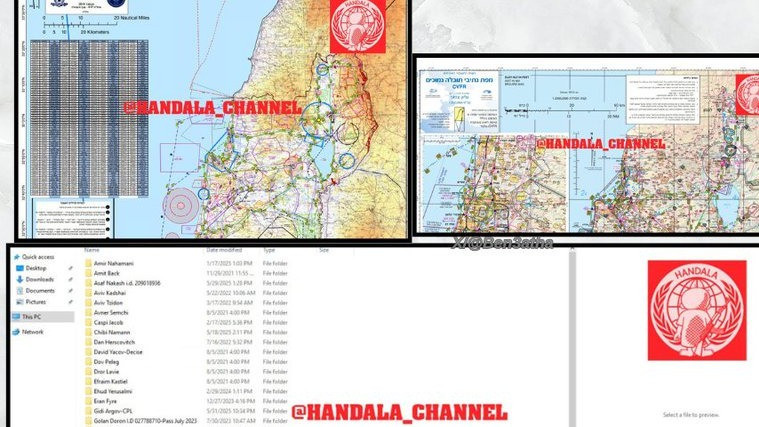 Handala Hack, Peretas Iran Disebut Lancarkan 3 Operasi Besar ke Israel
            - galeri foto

|---|

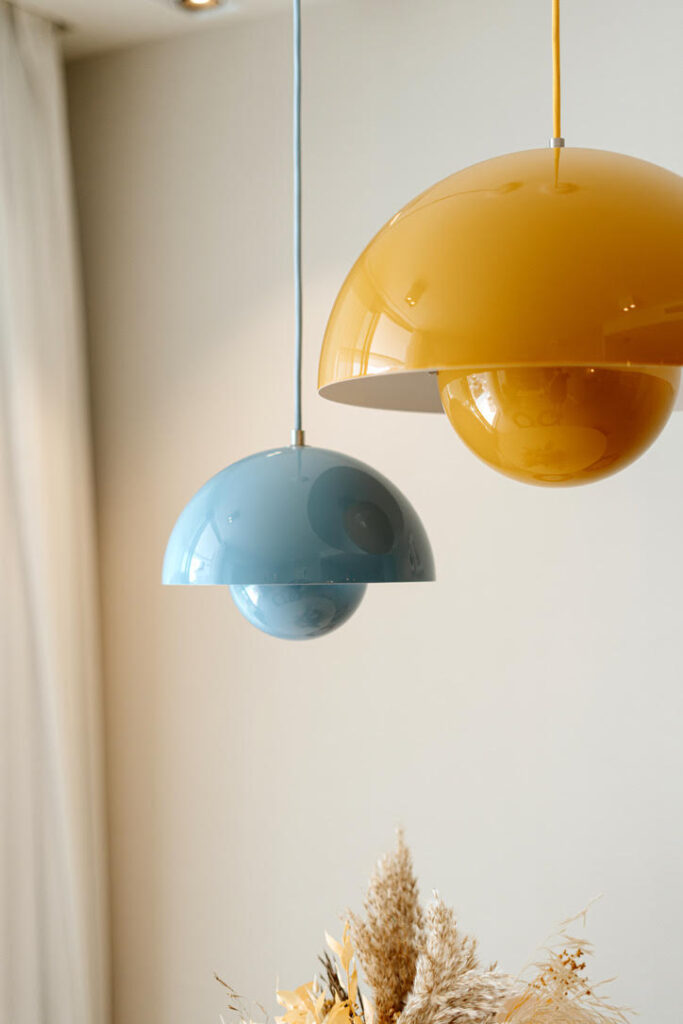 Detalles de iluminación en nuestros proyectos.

|---|

» YOUR GOAL
Starting from the line with "Handala Hack, Peretas" in the records above, repeat each line exactly until you have written the line with "- galeri foto", then stop; drop the pictures.

» TASK OUTPUT
 Handala Hack, Peretas Iran Disebut Lancarkan 3 Operasi Besar ke Israel
            - galeri foto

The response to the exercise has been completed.